At the April board meeting, Barry Vance approached the board and made accusations that Schnepp, a junior high teacher, had molested him when he was in the eighth grade. Vance also commented that others had been attacked and encouraged them to come forward.
In recent weeks, a second victim has come forward and is on the agenda to speak at the May 20 school board meeting. Defiance businessman David Kinkade, who also was a student under the teaching of Schnepp, says that he, too, was attacked while in the eighth grade.
An online petition calling for removal of the rock and form new policy regarding teacher-student relationships has been on social media since the April meeting. The petition is no longer open for signatures, but will be presented to the school at the May meeting. At last report, the petition totaled 579 names in support.

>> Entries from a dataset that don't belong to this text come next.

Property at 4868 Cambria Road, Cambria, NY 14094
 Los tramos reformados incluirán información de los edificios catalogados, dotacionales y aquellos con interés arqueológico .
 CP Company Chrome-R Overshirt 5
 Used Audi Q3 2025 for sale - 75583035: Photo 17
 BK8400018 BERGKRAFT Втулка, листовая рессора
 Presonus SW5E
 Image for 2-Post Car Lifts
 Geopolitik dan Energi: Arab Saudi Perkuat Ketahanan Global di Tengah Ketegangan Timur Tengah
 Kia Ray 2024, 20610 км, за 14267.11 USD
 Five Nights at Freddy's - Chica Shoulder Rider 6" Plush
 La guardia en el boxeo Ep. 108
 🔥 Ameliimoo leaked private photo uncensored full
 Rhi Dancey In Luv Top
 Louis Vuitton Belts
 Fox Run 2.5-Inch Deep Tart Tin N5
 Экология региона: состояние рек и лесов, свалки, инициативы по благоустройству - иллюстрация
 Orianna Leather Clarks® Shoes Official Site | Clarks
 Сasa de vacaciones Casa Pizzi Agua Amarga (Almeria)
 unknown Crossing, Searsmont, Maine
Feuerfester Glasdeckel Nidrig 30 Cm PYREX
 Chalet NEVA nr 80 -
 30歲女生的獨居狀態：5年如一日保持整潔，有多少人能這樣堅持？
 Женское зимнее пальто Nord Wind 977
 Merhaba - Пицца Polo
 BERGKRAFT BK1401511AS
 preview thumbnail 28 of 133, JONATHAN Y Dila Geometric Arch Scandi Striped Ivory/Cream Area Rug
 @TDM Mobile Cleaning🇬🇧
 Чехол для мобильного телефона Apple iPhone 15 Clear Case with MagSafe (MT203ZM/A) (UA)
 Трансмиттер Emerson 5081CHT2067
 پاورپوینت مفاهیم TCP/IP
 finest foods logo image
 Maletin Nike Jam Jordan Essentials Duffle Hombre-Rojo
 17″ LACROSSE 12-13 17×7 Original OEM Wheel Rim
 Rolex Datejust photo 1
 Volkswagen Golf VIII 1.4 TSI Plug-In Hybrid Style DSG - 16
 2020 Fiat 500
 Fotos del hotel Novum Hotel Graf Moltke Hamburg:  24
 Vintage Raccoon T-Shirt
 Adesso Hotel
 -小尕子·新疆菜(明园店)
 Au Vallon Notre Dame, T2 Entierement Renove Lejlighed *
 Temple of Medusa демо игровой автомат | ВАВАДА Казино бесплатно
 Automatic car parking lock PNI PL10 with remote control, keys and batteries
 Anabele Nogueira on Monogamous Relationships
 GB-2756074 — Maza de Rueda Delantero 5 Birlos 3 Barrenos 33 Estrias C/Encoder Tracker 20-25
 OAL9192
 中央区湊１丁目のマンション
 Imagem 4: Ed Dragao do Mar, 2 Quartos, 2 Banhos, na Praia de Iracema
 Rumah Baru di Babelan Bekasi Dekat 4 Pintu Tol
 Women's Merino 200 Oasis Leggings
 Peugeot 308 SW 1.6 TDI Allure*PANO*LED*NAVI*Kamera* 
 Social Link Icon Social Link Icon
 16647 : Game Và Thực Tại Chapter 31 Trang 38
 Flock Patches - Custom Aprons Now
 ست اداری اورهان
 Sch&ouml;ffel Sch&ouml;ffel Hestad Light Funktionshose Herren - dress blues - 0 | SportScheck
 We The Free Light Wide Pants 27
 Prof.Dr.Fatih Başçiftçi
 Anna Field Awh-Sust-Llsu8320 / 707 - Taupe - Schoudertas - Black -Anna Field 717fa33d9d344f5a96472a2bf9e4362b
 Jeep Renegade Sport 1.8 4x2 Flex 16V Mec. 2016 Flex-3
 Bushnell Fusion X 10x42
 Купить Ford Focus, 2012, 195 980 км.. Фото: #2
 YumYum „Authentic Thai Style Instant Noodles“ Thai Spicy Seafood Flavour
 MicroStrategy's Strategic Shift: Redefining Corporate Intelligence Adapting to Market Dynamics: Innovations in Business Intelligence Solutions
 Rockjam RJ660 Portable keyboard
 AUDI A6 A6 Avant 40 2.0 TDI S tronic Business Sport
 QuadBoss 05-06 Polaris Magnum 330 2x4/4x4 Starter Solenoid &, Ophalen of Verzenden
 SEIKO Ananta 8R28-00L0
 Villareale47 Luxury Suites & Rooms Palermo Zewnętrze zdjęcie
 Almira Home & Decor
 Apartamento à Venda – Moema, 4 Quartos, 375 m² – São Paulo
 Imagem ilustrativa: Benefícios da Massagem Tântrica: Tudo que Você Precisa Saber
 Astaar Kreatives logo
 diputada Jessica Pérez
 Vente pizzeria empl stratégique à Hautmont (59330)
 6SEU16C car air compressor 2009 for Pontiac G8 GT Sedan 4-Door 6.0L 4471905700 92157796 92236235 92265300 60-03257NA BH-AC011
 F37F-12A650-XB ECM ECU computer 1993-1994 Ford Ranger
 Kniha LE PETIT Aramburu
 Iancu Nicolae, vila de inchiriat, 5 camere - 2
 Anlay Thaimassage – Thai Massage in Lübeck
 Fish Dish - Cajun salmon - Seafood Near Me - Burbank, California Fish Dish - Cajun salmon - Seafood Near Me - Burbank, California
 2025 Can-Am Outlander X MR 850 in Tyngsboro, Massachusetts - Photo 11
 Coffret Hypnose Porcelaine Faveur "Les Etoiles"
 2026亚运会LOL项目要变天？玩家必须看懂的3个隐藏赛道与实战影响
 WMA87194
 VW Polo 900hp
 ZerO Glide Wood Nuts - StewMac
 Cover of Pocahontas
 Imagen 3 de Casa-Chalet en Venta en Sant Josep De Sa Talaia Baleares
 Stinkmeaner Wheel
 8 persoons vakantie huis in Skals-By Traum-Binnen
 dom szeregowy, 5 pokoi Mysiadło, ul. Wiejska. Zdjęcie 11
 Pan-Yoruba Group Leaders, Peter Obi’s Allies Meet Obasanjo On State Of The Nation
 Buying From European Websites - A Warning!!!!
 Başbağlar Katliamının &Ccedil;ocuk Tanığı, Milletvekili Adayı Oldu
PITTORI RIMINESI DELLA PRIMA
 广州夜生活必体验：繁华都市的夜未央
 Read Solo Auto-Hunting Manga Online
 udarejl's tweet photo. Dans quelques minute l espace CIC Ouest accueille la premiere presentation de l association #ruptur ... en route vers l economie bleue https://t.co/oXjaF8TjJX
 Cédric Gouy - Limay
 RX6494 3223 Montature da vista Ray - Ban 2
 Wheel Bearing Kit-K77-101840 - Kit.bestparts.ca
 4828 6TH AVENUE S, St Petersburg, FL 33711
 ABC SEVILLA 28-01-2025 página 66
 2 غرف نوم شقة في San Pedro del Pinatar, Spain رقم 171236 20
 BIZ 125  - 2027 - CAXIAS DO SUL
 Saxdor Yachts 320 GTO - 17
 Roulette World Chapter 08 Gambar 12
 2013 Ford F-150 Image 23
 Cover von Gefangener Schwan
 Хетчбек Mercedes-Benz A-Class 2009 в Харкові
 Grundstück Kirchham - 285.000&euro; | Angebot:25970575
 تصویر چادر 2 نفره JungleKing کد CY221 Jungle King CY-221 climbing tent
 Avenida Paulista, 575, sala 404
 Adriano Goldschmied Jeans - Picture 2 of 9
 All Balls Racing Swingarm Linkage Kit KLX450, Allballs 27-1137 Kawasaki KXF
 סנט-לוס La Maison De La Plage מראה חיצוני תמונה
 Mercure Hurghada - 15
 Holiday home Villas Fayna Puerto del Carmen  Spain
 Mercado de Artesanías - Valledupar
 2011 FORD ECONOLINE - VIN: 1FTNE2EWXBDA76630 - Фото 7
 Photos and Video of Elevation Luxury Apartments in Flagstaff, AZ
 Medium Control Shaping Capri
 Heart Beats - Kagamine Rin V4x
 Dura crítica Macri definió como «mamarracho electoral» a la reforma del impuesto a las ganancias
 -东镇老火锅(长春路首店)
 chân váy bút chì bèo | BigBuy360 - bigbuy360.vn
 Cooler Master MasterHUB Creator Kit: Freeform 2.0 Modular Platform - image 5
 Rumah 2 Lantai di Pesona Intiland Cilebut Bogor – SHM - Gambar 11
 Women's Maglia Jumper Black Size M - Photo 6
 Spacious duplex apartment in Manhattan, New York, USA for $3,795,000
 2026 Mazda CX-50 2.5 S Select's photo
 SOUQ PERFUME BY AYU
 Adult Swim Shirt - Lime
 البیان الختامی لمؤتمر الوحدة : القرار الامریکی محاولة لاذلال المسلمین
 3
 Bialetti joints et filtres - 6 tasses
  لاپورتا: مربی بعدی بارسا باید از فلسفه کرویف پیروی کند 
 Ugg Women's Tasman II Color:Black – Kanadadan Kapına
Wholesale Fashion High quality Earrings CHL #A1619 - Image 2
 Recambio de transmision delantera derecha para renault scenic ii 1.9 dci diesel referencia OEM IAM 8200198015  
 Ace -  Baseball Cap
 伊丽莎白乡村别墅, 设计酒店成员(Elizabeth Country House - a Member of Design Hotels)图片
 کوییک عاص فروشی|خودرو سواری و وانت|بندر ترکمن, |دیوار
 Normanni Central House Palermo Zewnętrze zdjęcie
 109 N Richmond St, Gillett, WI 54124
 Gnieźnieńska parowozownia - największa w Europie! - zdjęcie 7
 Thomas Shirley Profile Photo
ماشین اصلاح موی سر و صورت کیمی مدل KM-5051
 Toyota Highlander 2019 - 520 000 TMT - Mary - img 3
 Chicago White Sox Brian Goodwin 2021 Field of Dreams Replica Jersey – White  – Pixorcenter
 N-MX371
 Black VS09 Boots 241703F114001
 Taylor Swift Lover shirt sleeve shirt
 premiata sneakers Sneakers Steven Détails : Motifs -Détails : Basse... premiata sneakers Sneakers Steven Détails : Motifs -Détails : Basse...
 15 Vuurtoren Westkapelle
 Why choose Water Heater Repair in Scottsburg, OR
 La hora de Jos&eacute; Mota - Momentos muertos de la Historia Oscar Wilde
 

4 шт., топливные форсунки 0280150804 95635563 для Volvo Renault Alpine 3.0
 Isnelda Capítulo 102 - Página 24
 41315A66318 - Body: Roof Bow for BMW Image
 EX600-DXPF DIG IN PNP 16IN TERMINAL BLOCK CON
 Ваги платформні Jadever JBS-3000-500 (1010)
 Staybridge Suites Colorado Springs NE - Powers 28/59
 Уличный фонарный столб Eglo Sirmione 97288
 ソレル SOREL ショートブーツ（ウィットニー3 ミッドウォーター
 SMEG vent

School officials had the memorial rock taken from the site on May 10, but indicated that the move may only be temporary.
In the meantime, school superintendent Bill Hanak released a statement early last week that read:
“The board and current administration want to make clear to our school community and members of the public that any reports by students or staff of present harassment or alleged abuse are taken seriously and are investigated in accordance with law and board policy. School officials absolutely do not ignore such matters.
“It is important to understand that the allegations being made by Mr. Vance and concern over events that occurred decades ago in which the current board, school officials and staff had no involvement and in which they have no knowledge of. The district is not able to conduct a meaningful investigation of the truth or falsity of the allegations, as the persons who supposedly had knowledge are no longer employed by the district, and the alleged perpetrator is deceased and cannot be questioned or speak in his own defense.
“The complaining parties graduated many years ago, so there is no action the board could take now that could alter their educational experience. The board is at a loss to understand why this matter is being raised with the board at all, rather than with law enforcement.
“Again, we want to assure our school community and the public that the safety and best interests of our students are of paramount importance to us and we would never knowingly fail to address a complaint of current harassment or abuse in the school setting.”